Kommentar

Der Spieler: Warum Nichtspieler unbekehrbar sind

Synes Ernst ©

Synes Ernst. Der Spieler /  Gibt es das, den Nichtspieler? Ja. Ihn mit Spielen von der Schönheit des Spielens überzeugen zu wollen, bringt nichts.

S. K. hat ein Problem. Er leidet unter einem «Mitspieldilemma». Er spiele ungern strategische Spiele, müsse aber, wenn im Kreise von Freunden Jasskarten auf den Tisch kommen, wohl oder übel mitmachen. «Ein glücklicher Mitspieler bin ich dann aber kaum, eher eine Spassbremse, die sich dauernd ärgert über den Zwang, mitspielen zu müssen.» In seiner Not wendet sich S. K. an den Psychoanalytiker Peter Schneider, der in der Tageszeitung «Der Bund» jede Woche Fragen zur Philosophie und Psychoanalyse des Alltagslebens beantwortet. Diese Woche war es diese, gestellt eben von Leser S. K.: «Was wäre ein adäquates Verhalten für Nichtgernspieler wie mich?»

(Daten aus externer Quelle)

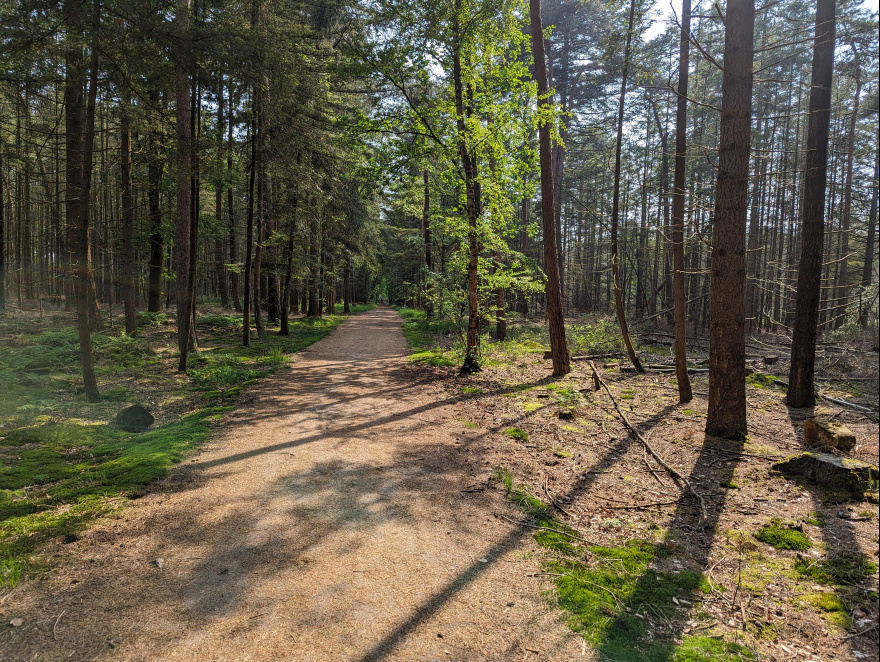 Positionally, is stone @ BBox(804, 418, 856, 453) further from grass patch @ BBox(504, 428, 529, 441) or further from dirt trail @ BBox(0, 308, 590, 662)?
dirt trail @ BBox(0, 308, 590, 662)

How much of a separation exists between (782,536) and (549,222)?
824 cm

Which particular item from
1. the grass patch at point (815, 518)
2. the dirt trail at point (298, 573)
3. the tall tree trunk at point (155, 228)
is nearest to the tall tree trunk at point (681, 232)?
the grass patch at point (815, 518)

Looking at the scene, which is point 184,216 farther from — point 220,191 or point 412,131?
point 220,191

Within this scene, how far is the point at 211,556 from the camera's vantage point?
10.5 feet

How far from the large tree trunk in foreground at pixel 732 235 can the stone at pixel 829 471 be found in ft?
4.00

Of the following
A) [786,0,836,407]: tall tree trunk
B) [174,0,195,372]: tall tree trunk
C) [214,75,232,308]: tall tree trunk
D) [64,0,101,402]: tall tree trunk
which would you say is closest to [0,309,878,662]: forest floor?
[786,0,836,407]: tall tree trunk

Mit seinem Problem ist S. K. an jemanden geraten, der sich voll in seine Situation versetzen kann. Peter Schneider ist nämlich selber Nichtspieler oder Nichtgernspieler. Irgendwelche Spielregeln lernen zu müssen, empfindet er als «lästige Zumutung», und mit der vielgelobten Zweckfreiheit des Spiels sei es auch nicht weit her, wenn man sehe, wie verbissen Fussball, Handball, Jass oder Monopoly gespielt werde. Das erkläre zwar die Spielunlust nicht, von der man sagen könne, dass es sie gebe, aber nicht, woher sie komme. Schneiders Antwort auf die Frage lautet denn auch ganz ehrlich und banal: «Es ist eben so: Manche Menschen spielen halt gerne, andere nicht. Spielen fühlt sich für einen Spielmuffel so an wie Vögeln für einen Asexuellen. Beide denken bloss: Wie lange geht das noch?»

Zum Scheitern verurteilt

Wenn der Psychologe das sagt, ist es wohl so. Und deshalb müssen alle Bekehrungsversuche zum Scheitern verurteilt sein, die aus Nicht-, Unlust- oder Nichtgernspielern Spieler machen wollen. Manche spielen halt gerne, andere nicht. Das müssen wir Spielbegeisterten wohl oder übel akzeptieren, selbst wenn es uns schwerfällt – was, ein Mensch, der nicht spielt?!?!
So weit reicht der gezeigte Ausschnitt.